THE DATA:

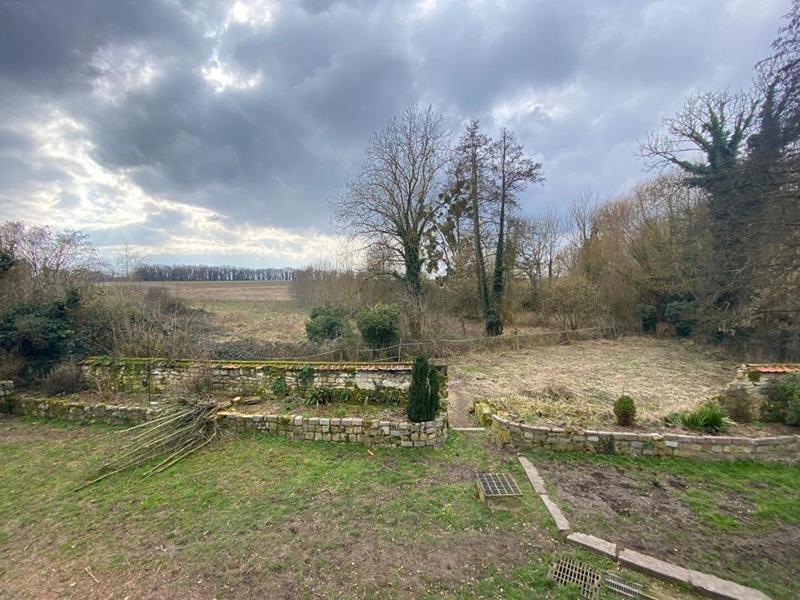 Moulin - 655 m² - 6 pièces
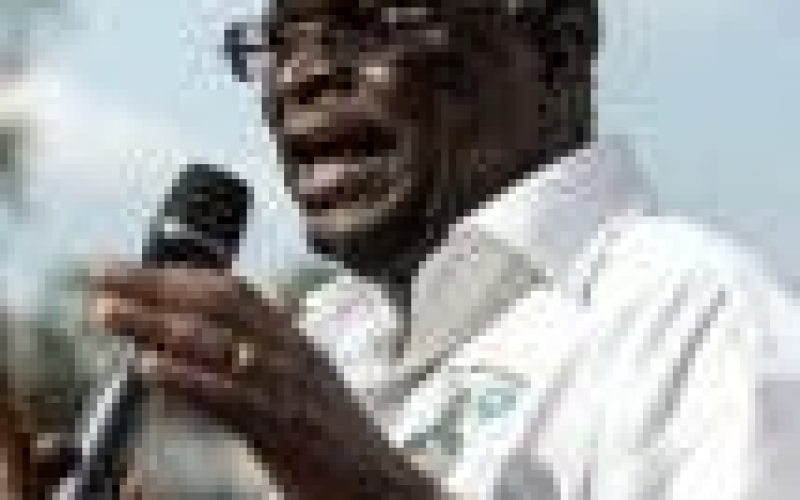 Republic of Congo opposition candidate dies of Covid-19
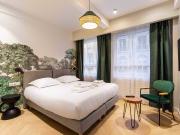 High standing apartment Muette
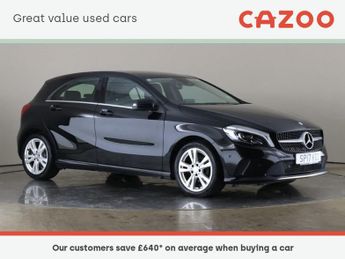 Mercedes A Class 1.5L Sport A180d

TASK GOAL: Every line above should be returned exactly; the pictures stay out.

THE ANSWER:
 Moulin - 655 m² - 6 pièces
 Republic of Congo opposition candidate dies of Covid-19
 High standing apartment Muette
 Mercedes A Class 1.5L Sport A180d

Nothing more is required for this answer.